I picked up this 1939(?) Elgin with speedo/clock dash last weekend. Front fender was crushed as some point. Looking for any information on this bike as well as the correct aluminum front fender. Thanks!


----------



## Freqman1 (Mar 4, 2015)

Awesome bike. It looks like this was some sort of special deluxe version of this model. That appears to be a Westfield dash and because this is a Westfield built bike likely came that way. Personally I think the front fender may be salvageable. Maybe Ivo or someone has some literature on this bike.
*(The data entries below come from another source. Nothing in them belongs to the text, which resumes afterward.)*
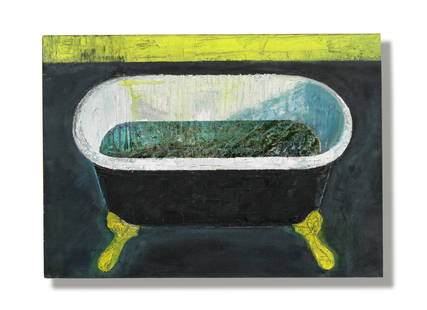 HURVIN ANDERSON (B. 1965) Bath Tub 1991: HURVIN ANDERSON (B. 1965) Bath Tub 1991 signed and variously inscribed on the stretcher oil on canvas 59.8 by 83.5 cm. 23 9/16 by 32 7/8 in. This work was executed in 1991. Footnotes:<
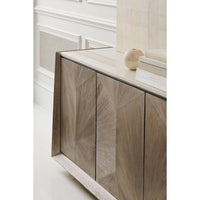 Close-up of modern ash buffet texture and details.
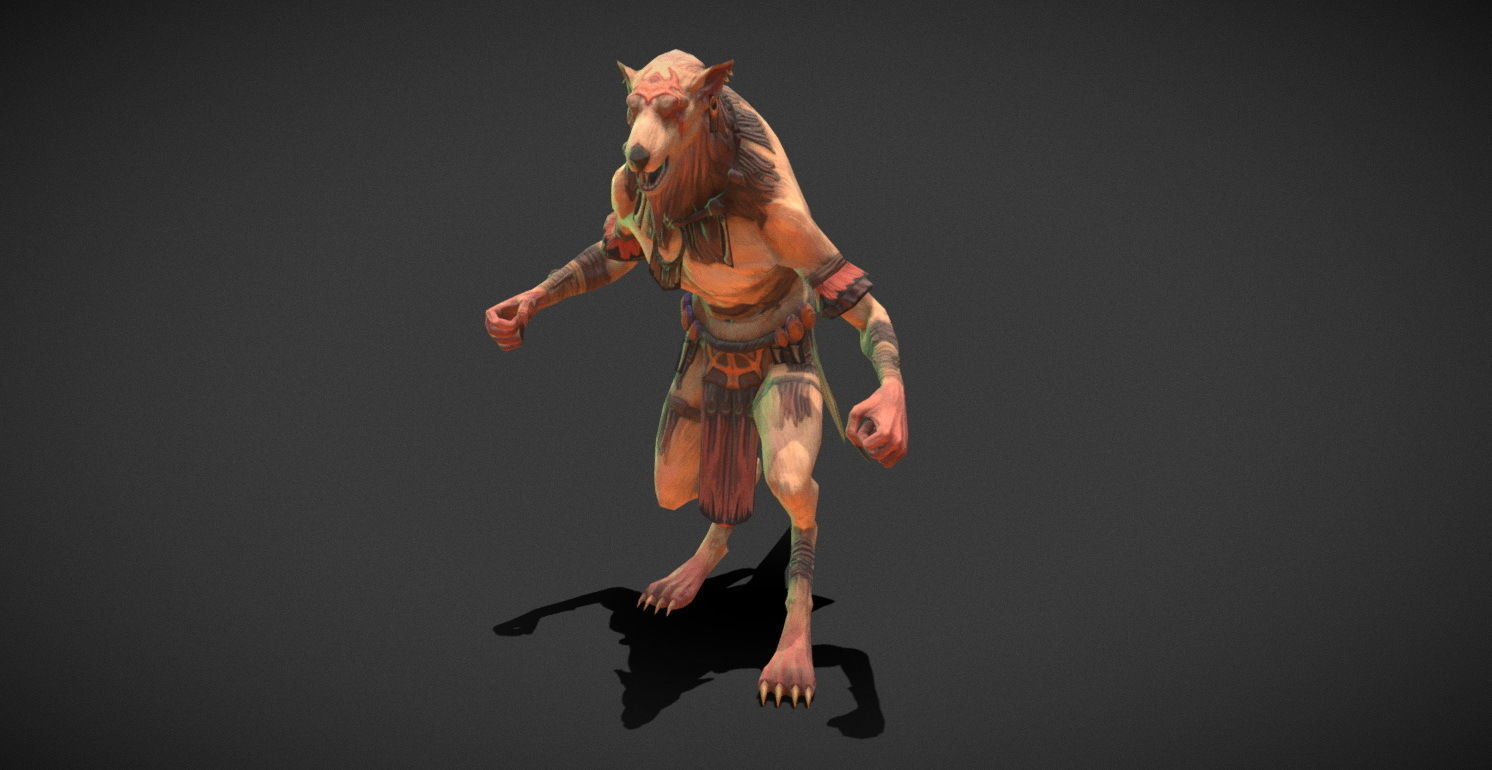 Fantasy Creature - Combat RatMan Low-poly 3D model_1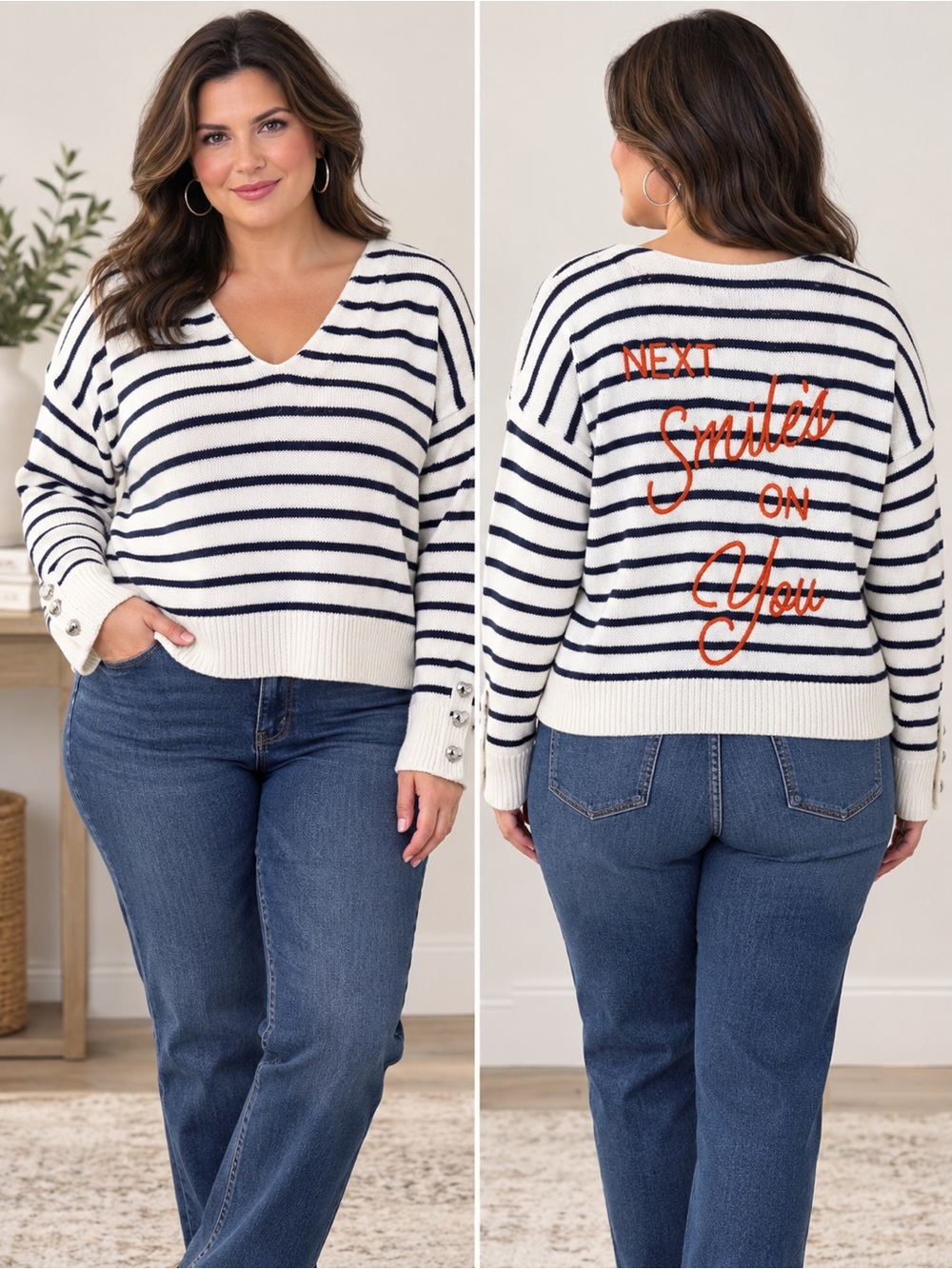 Kerri Rosenthal XO KR Next Smiles on You Striped V-Neck Sweater L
V/r Shawn


----------



## cyclonecoaster.com (Mar 4, 2015)

Roll the fender ...or send it to someone that can do it ... it is definitely salvageable .. The speedo set up is from a Columbia & was most likely added to the bicycle at some point .. Frank


----------



## scrubbinrims (Mar 4, 2015)

I can roll that fender, definitely can be mended and rare so you gotta carlalotta!
That dash was available as a sears catalog accessory in the lates 30's and have turned up on streamlined orioles, so not yanked from a Columbia.
May actually be original to this model.
Chris


----------



## rustjunkie (Mar 4, 2015)

This is a Murray-built bike folks


----------



## jpromo (Mar 4, 2015)

rustjunkie said:


> This is a Murray-built bike folks




Indeed she is. Even then, if it was offered through the Sears catalog as Chris mentioned, it could very well be original. Looks like somebody left their bike laying in the driveway and dad backed over it.. great bike though. And good to see you back!


----------



## rustjunkie (Mar 4, 2015)

jpromo said:


> Even then, if it was offered through the Sears catalog as Chris mentioned, it could very well be original.
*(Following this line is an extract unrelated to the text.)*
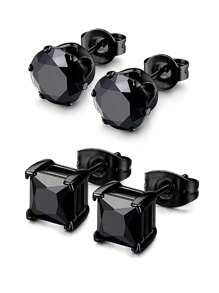 2 pares de pendientes tipo botón cuadrados de 6mm con circonitas cúbicas, joyas de acero inoxidable de moda para perforación de orejas, unisex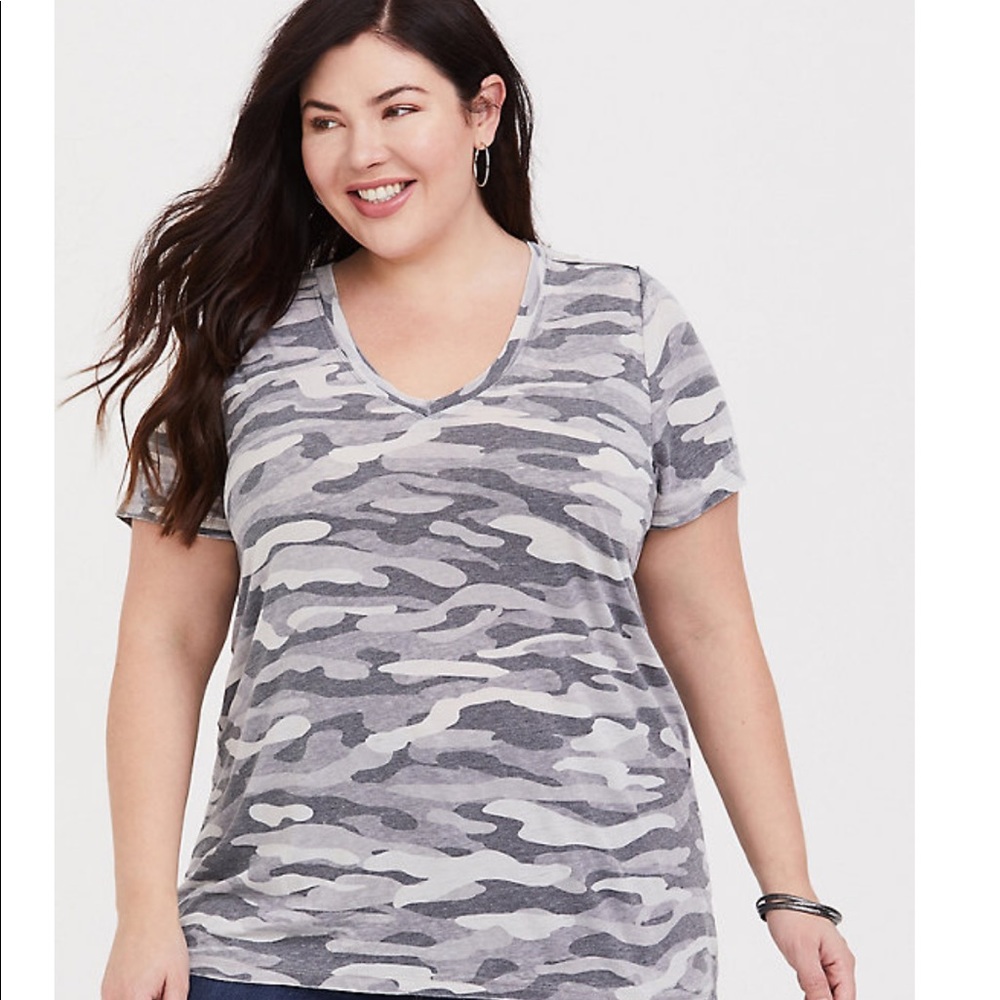 Torrid classic fit burnout camo t shirt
Yes, wasn't implying the bike is not original (I've seen others like this), just clarifying the maker.


----------



## vincev (Mar 4, 2015)

Really sweet find.


----------



## bikesnbuses (Mar 4, 2015)

Nice!Ive never seen one w/ the dash!


----------



## bikewhorder (Mar 4, 2015)

In the right hands I'm sure those fenders could be made very presentable especially if they are not ripped.  Those were also used on the Twin 60's and are worth $500+++ by themselves.  Your rear fender would have holes for the skirt guards though so that would detract slightly from the value. Nice find, It would be cool to see if that paint could be brought back to life.  -Chris


----------



## catfish (Mar 4, 2015)

Great find!


----------



## Joe Buffardi (Mar 7, 2015)

Neat! Those fenders are hens teeth. They will straighten out with some love.


----------



## slick (Mar 7, 2015)

I would have taken it home as well. Killer bike. 

If you do find a better aluminum fender and decide to swap it, ill buy that one. 
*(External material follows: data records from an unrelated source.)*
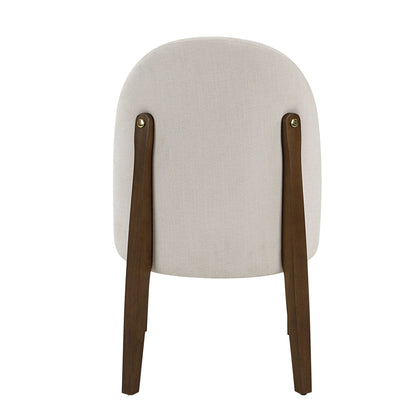 Gamarya White Fabric & Oak Finish Side Chair (Set of 2) - 1st Choice Furniture Direct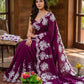 Thread Embroidered Organza Saree with Cutwork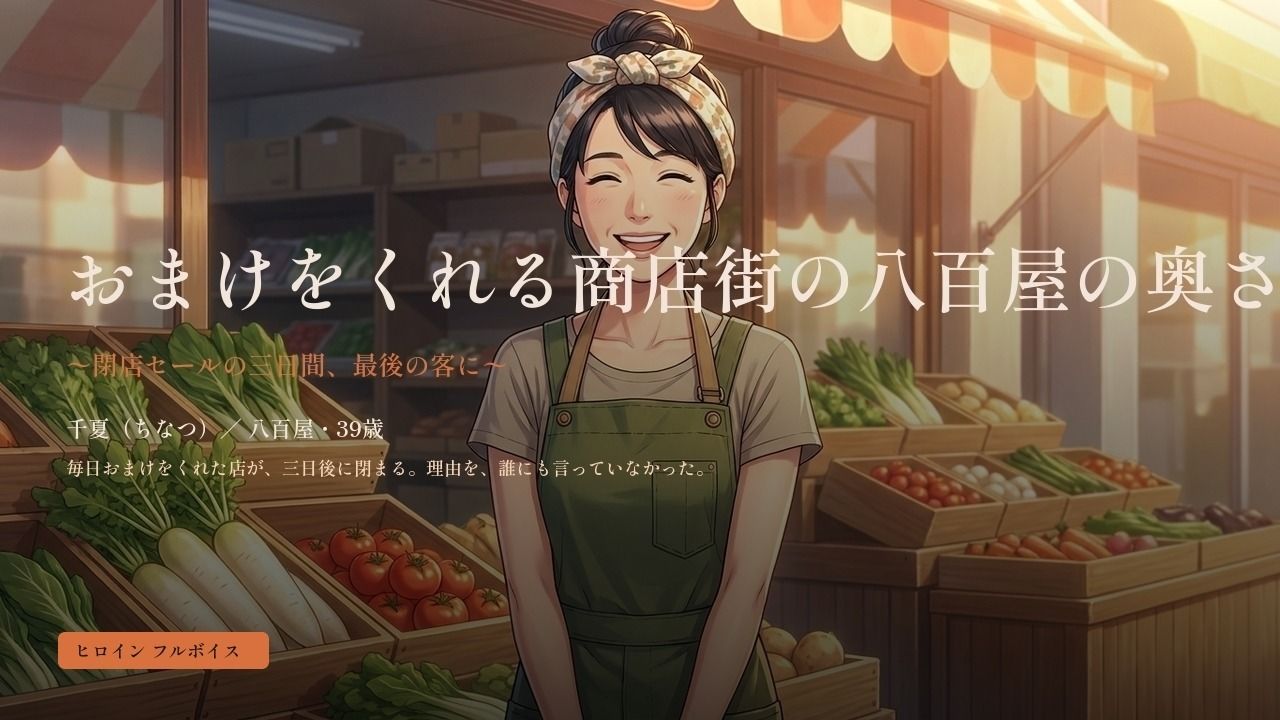 おまけをくれる商店街の八百屋の奥さん 〜閉店セールの三日間、最後の客に〜 サンプル1ページ目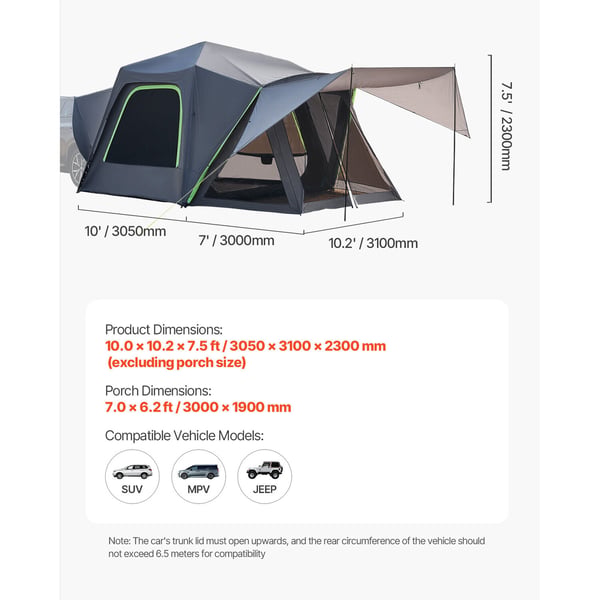 SUV Camping Telt, 305x310x230 cm, Vandtæt, Dobbelt Lag, Opbevaring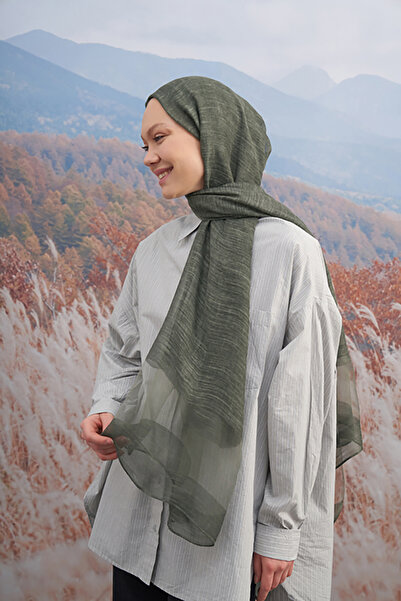 ARMANDA Șal anticat din mătase - Kaki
It's great to see you posting again. Miss seeing all the great girls bikes you have.


----------



## ZOOK (Mar 7, 2015)

That bike has found a great home and will probably be well cared for. Great find as always.  Not sure how you find all those cool bikes!


----------



## carlalotta (Mar 9, 2015)

Thanks everyone! Picked this bike up at a rural estate sale about 20 minutes from my parent's house. I honestly didn't know the fenders were so rare when I got it. I had never seen them before but I also know that just because I havent seen something before doesn't mean it's rare or valuable haha It was certainly a nice surprise to find out they were  I am going to have the fender rolled by a professional and clean the bike up but leave it original. I was excited when I got it but now I am even more excited to have a keeper!


----------